This week, I attended a provocative conference entitled Preventing Overdiagnosis: Winding Back the Harms of Too Much Care. Co-sponsored by Dartmouth University, British Medical Journal, Consumer Reports, and Australia’s Bond University, the conference raised many points that, at first glance, appear counterintuitive. After all, don't we have bigger issues with too little medical care?

Here are 7 of the most salient points that point the problems with too much care:

“Risk factors have been turned into diseases.” Dartmouth researcher Dr. Steve Woloshin discussed the absurdity of labeling us all with a “pre-disease”: doesn’t everyone all have some version of pre-hypertension, pre-diabetes, or even pre-death? And while screening can save lives, American Cancer Society’s Chief Medical Officer Dr. Otis Brawley uncovered the insidious practice hospitals offering “free” screening tests knowing that they will lead to false positives, thus creating a market for more testing and more care.

“Diseases are being created for the purpose of selling medications.” Physician-researcher Dr. Lisa Schwartz told the story of how GlaxoSmithKline created a new disease entity—restless leg syndrome—to find a new use of a Parkinson’s disease medication that was about to go off patent. Roy Moynihan showed his class spoof video of a new and dangerous epidemic.

“Ordinary experience is medicalized.” Dr. Allen Frances, a psychiatrist and Chair of the DSM4 task force, rails against the psychiatric profession for labeling people with diseases they don’t have. If you are grieving two weeks after the death of a spouse, you have depressive disorder; if your child is inquisitive and energetic, he has attention deficit disorder. To be sure, there are many cases of underdiagnoses, too, but many ordinary people are being labeled with diseases they don’t have.

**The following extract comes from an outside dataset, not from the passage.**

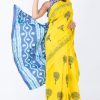 Printed Pure Cotton Saree with Blouse Piece- Formal & Party Wear - Image 3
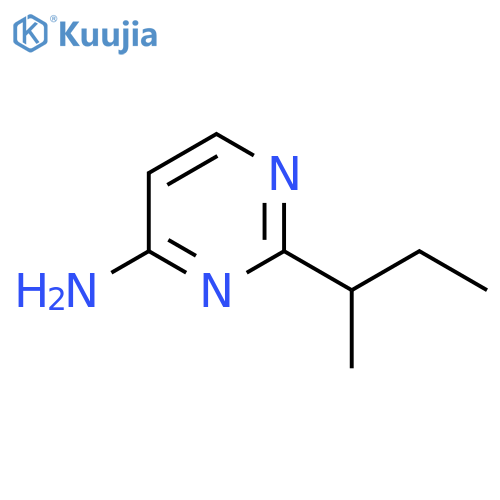 2-(butan-2-yl)pyrimidin-4-amine structure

“Language corrupts thought.” A diagnosis of “carcinoma-in-situ” brings up scary connotations and fuels the desire for aggressive treatment. However, our technologies have gotten so advanced that we are detecting many early cancers that, if left alone, may never grow or harm the patient. The National Cancer Institute recently proposed a change in terminology for cancer, and conference speakers proposed other disease definitions that should be changed to fully embrace the concept that disease is a spectrum, and not all disease causes harm.

“We are practicing faith-based medicine that ignores the harms and exaggerates the benefits.” It is well-documented that medical journals bias in favor of positive results, and that there are many financial interests to promote the newest, latest medication or treatment. Stories abound about people who survived because of early detection of disease and new, experimental treatment. However, there are also many stories of people who experience serious side effects and fatalities from overdiagnosis and overtreatment. These counternarratives need to be told, and evidence for harm needs to be published.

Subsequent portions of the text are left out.